Dalam sosialisasi sekunder biasanya terdapat agen sosialisasi di luar keluarga yang menanamkan nilai-nilai yang berbeda dengan nilai yang ada dalam keluarga, bahkan kadang bertentangan. Situasi tersebut biasanya mengakibatkan proses yang disebut desosialisasi (proses pencabutan diri) yang disusul dengan resosialisasi (diri yang baru). Desosialisasi dan resosialisasi sering dikaitkan dengan proses yang dinamakan institusi sosial.
Bentuk sosialisasi sekunder lainnya adalah anticipatory socialization yang mempersiapkan seseorang untuk peranan yang baru. Sosialisasi ini mendahului perubahan status dari suatu kelompok ke kelompok lain, dan hal ini juga dialami seseorangketika ia akan memasuki kelompok acuannya (reference group).

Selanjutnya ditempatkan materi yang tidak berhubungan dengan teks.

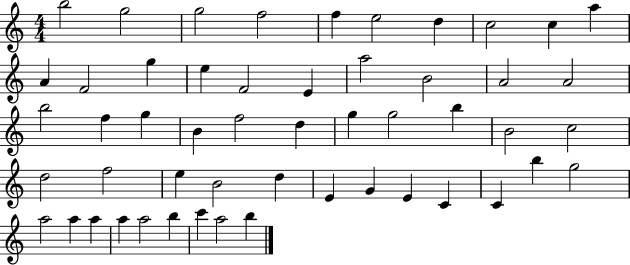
X:1
T:Untitled
M:4/4
L:1/4
K:C
b2 g2 g2 f2 f e2 d c2 c a A F2 g e F2 E a2 B2 A2 A2 b2 f g B f2 d g g2 b B2 c2 d2 f2 e B2 d E G E C C b g2 a2 a a a a2 b c' a2 b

Sosialisasi sebagai suatu proses
Charles Horton Cooley memperkenalkan konsep “looking glass self”, dimana senantiasa dalam individu terjadi suatu proses yang ditandai dengan:
  1. Persepsi
  2. Interpretasi
  3. Respons
Berbeda dengan Cooley, Herbert Mead berpendapat bahwa orang yang memiliki ‘self’ dijumpai pada penguasa bahasanya. Kemampuan untuk menganggap diri sebagai objek dan subjek secara sekaligus ini diperoleh dalam tahap:
  1. Play stage (anak mengembangkan kemampuannya sendiri)

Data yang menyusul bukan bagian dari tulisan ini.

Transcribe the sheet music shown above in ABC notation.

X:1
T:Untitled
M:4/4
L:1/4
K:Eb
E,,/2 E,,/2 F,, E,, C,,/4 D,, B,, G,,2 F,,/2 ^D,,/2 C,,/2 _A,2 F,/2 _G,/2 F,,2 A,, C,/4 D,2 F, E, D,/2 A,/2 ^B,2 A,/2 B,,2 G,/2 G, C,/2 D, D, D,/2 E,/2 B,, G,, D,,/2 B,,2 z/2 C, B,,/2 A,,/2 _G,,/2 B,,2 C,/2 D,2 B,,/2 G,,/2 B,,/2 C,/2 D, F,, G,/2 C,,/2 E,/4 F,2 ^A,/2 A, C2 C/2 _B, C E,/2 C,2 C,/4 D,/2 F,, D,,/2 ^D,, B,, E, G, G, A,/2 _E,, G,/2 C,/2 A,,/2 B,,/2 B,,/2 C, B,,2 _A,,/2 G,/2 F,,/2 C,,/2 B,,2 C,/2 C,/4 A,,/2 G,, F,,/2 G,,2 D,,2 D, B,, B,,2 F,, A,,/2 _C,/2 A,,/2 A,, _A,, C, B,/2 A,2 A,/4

  2. Game stage (anak harus mengetahui posisinya dalam konteks yang lebih luas dan memberikan tanggapan terhadap harapan orang lain)
Mead mengemukakan gagasan bahwa SELF (diri) mempunyai dua komponen, yaitu I (faktor yang khas), dan ME (tanggapan pada konvensi sosial).
  1. Generalized others
Sosialisasi pengalaman sepanjang hidup
George Ritzer membagi siklus kehidupan manusia menjadi empat tahap, yaitu:
  1. Masa kanak-kanak
Kewajiban orang tua pada tahap ini adalah membentuk kepribadian anak-anaknya. Proses sosialisasi pada tahap ini digambarkan melalui kerangka A-G-I-L (Adaptation, Goal Attainment, Integration dan Latten Pattern) yang diperkenalkan oleh talcott parsons.
  1. Masa Remaja
Merupakan masa transmisi dari masa kanak-kanak menuju masa dewasa.
  1. Masa dewasa
Sosialisasi dimana individu mempelajari norma, nilai, dan peranan yang baru di lingkungan sosialisasi yang baru. Sosialisasi dalam tahap ini memotivasi individu untuk bekerja, mencari pasangan hidupnya dalam perkawinan dan mempunyai anak sebagaimana layaknya orang dewasa.
  1. Masa tua dan menuju kematian
Ketika seseorang berada di usia lanjut, mereka diperlakukan seperti anak kecil sampai akhirnya seorang individu yang sangat tua diperlakukan sebagai non-person seperti anak kecil yang seolah-olah mereka tidak ada.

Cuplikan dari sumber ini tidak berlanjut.